Name & Rank:
Corporal George Hubert Brown
Regimental Number
G/2218
Birth date & Location
1891
Parents
Edward and Amanda Brown of 15 Barfields, Blechingley, Surrey, UK
Family Profile
In the Brown family of the small village of Blechingley, Surrey, George Hubert was the third oldest of five children. Edward Brown worked as a house painter, an occupation taken up by George’s eldest brother, Edward Oscar. In 1911, George was the eldest child still living at home. He and his younger brother, Leonard, worked as gardeners. Another brother, Clarence, was still in school and their sister Marian had moved out.

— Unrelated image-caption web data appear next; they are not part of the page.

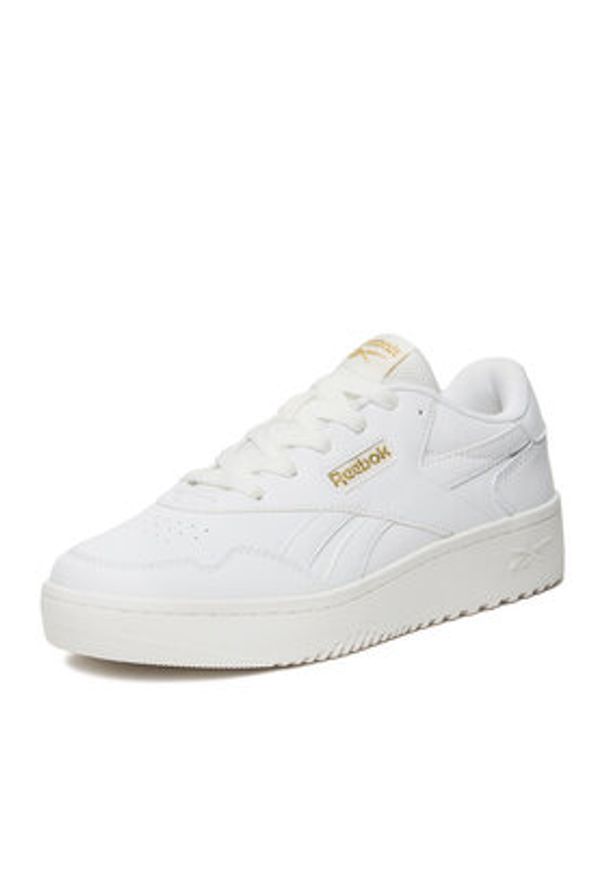 Reebok Sneakersy CEO-123 Biały. Kolor: biały. Materiał: skóra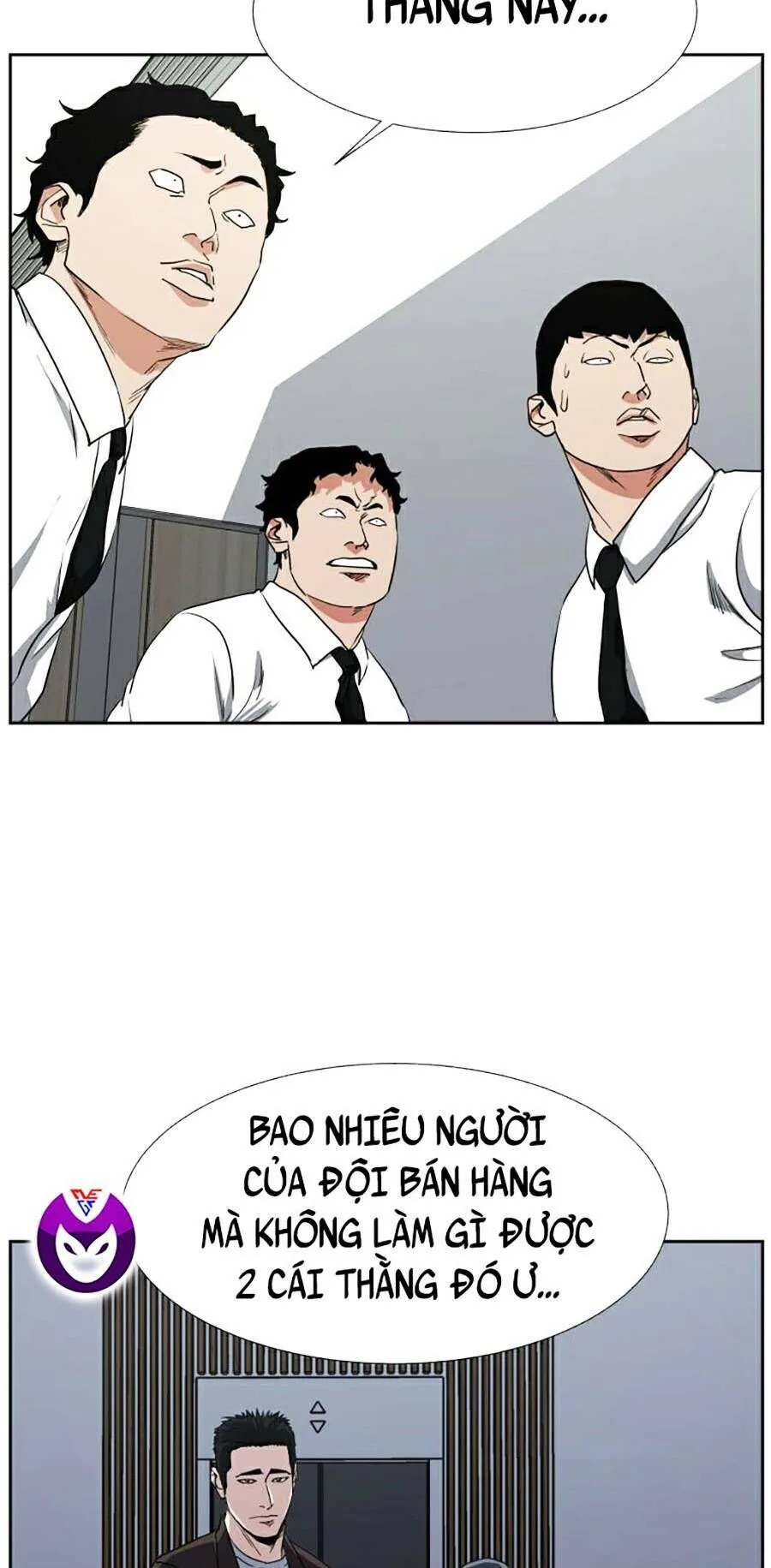 Bố Già Trùng Sinh chương 38 - trang 34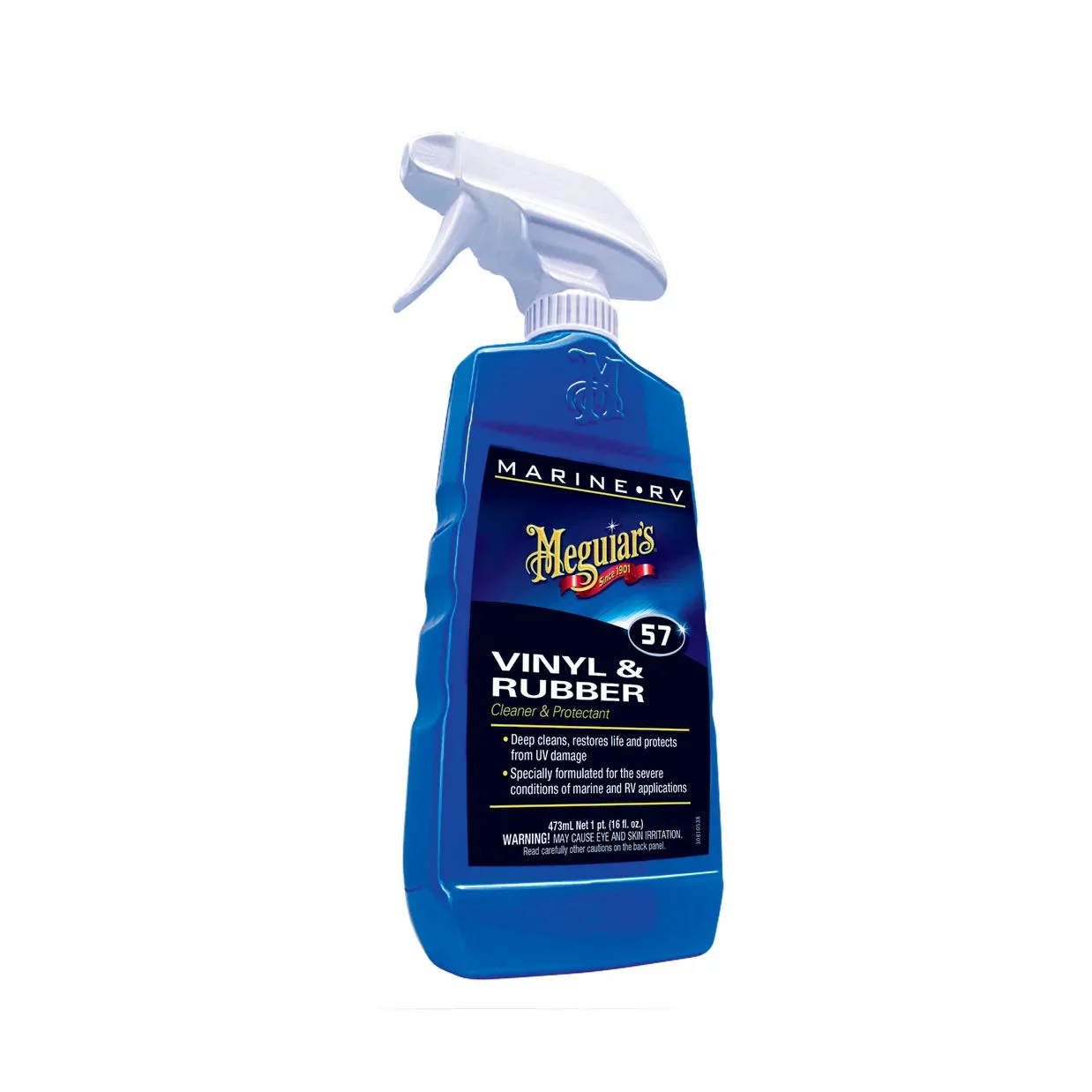 Meguiar's Vinyl & Rubber Cleaner, No. 57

George married Lilian Elizabeth Mayne of Stychens Lane, Blechingley, on May 29, 1915. Prior to their marriage, she worked as a domestic servant for a local family. Her father, William Mayne, who worked in a quarry, had served for 13 years in the British Army in India and Burma, some of that time he was with the 2nd Battalion, The Queen’s (Royal West Surrey) Regiment. After the war, Lilian got remarried in 1920 to Richard Botting, who served with the 2nd Battalion, Royal West Kents until being discharged with Trench foot in 1917.
Service Profile
George Hubert Brown enlisted early for the First World War, according to the Surrey newspapers after his death. He was noted as a being intelligent and energetic and a devoted member of the Oddfellows lodge. He held the rank of corporal but was acting sergeant when he went missing during the Battle of Loos. It was later determined that Brown was one of the over 100 men killed from the 8th Battalion, 25-26 September 1915.
Death date & Location
25 September 1915 in the trenches east of Vermelles, France. Brown is memorialized on a panel of the Loos Memorial in the Dud Corner Cemetery, Loos-en-Gohelle, France.